Magnum is a senior German Shepherd who is in need of some TLC. He arrived infested with fleas.....but we have treated him for them. He could barely walk but after a few days he is doing much better---after getting regular meals and glucosamine.
He is super friendly, walks ok on leash and typically keps his kennel area clean. We guess him at around 8 yrs old.He is available for adoption OR rescue


----------



## pamela berger (Jun 19, 2008)




----------



## shilohsmom (Jul 14, 2003)

What a cutie!!! Theres got to be a place for this special pup somewhere???

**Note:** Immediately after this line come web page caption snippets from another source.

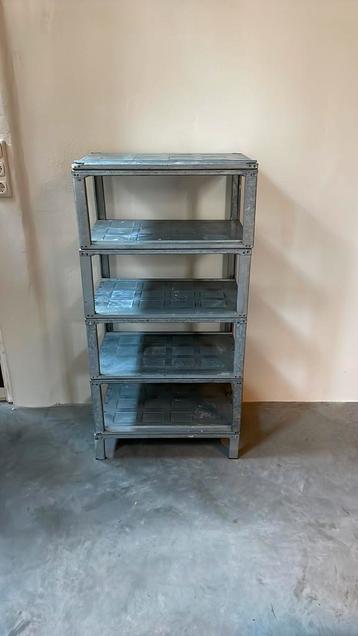 Stellingkast beschikbaar voor biedingen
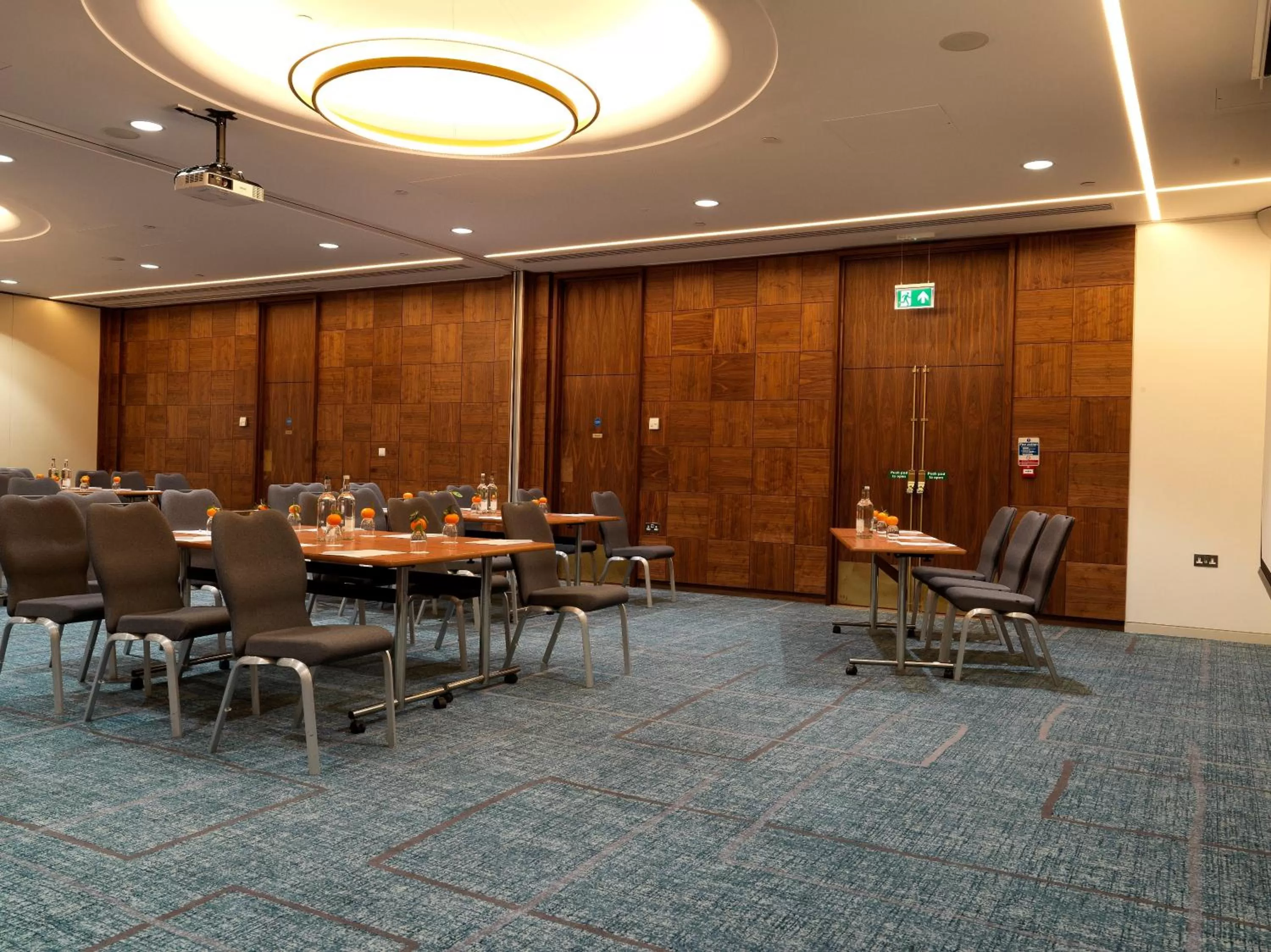 Meeting/conference room in Crowne Plaza London Kings Cross by IHG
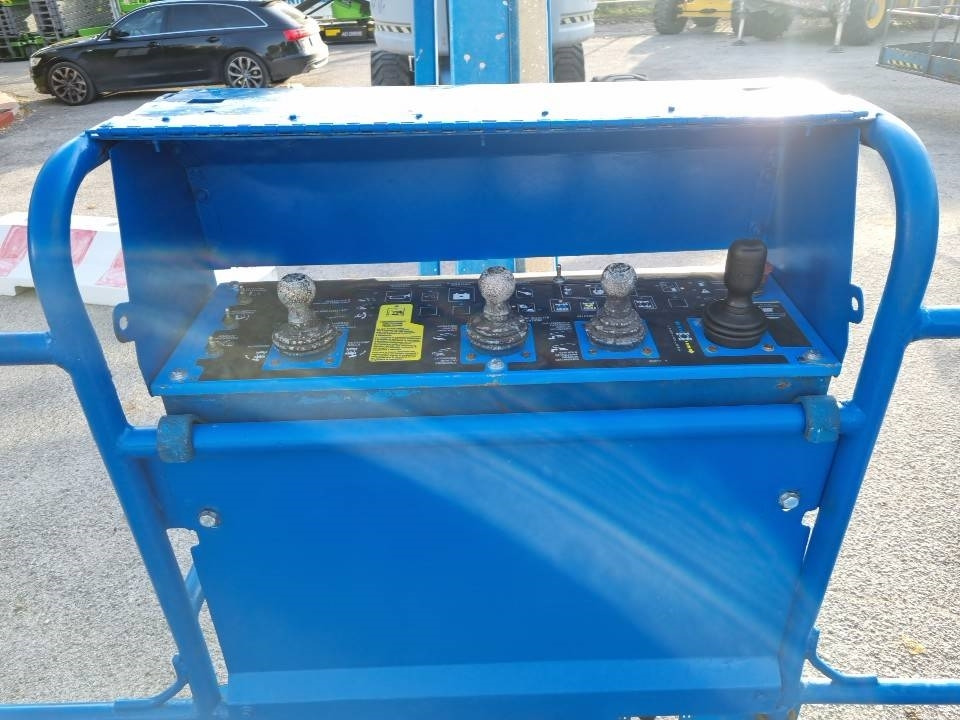 Genie Z 80/60 - Articulated boom: picture 5 Genie Z 80/60 - Articulated boom: picture 5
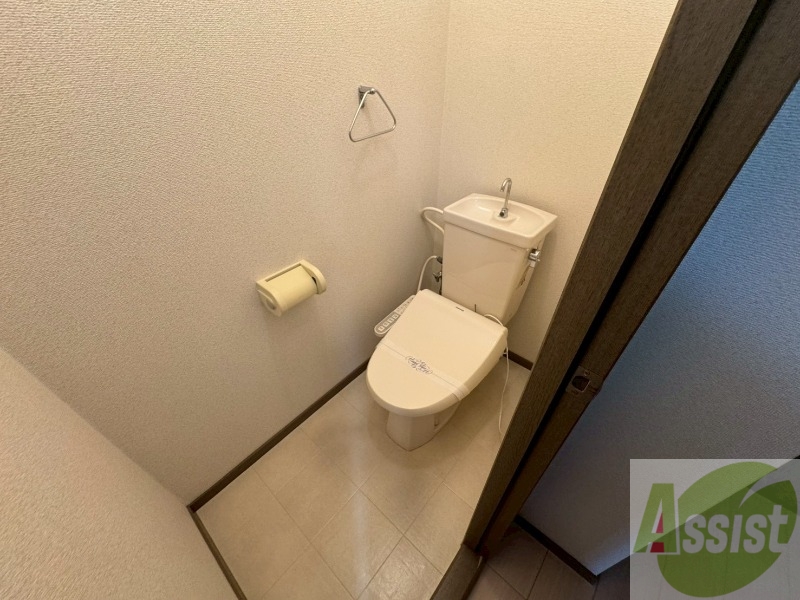 トイレ　こちらはトイレです。清潔感があり、安心して使用できます。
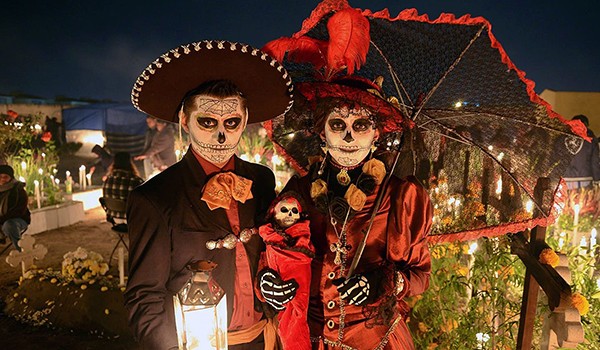 Tour de Día de Muertos en Desfile de Catrinas de San Miguel de Allende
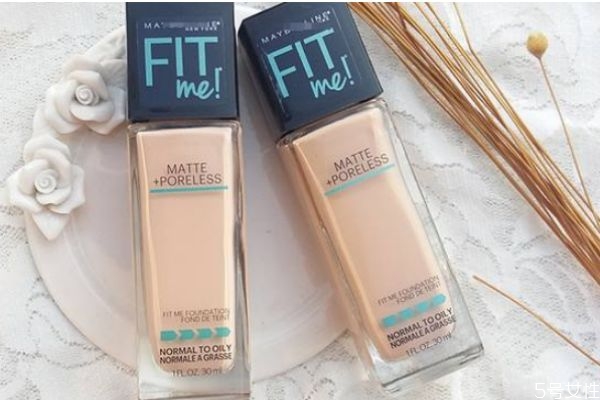 補(bǔ)妝可以用不是一個(gè)牌子的粉底液么 補(bǔ)妝還用粉底液嗎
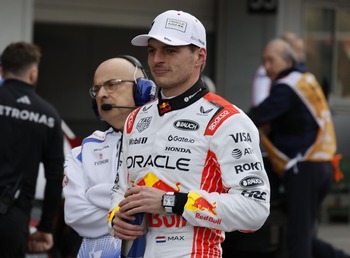 Verstappen sorprende a los McLaren y conquista la pole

Edit to add: OMG, did you see the other pics of this babe??? Do we know anything about this Shelter? How long does he have?


----------



## Silvermoon (Apr 2, 2011)

:bump:


----------



## pamela berger (Jun 19, 2008)

bump


----------



## Mac's Mom (Jun 7, 2010)

still listed as adoptable


----------



## JeanKBBMMMAAN (May 11, 2005)

Yep - still there.


----------



## pamela berger (Jun 19, 2008)

bump


----------



## Mac's Mom (Jun 7, 2010)

still listed as adoptable - bump


----------



## Kay13411 (Jul 24, 2003)

This is so sad, and really at 8 years old he is not that old. Just in need of tender loving care...


----------



## 4dognight (Aug 14, 2006)

poor fella... someone out there must want him???


----------



## Mac's Mom (Jun 7, 2010)

still listed as adoptable - bump


----------



## gsdraven (Jul 8, 2009)

:bump:


----------



## pamela berger (Jun 19, 2008)

has been sponsored


----------



## pamela berger (Jun 19, 2008)

bump


----------



## shilohsmom (Jul 14, 2003)

Hes a bump right back into the spotlight for this special boy.


----------



## shilohsmom (Jul 14, 2003)

can't believe this guy is still looking for his furever home but he's still listed


----------



## Anja1Blue (Feb 27, 2008)

Yes, he's been there for quite a while. Sponsoring is probably buying him more time......
______________________________________
Susan

Anja SchH3 GSD
Conor GSD
Blue BH WH T1 GSD - waiting at the Bridge :angel:


----------



## vjt555 (Nov 14, 2003)

He is very thin, poor boy.


----------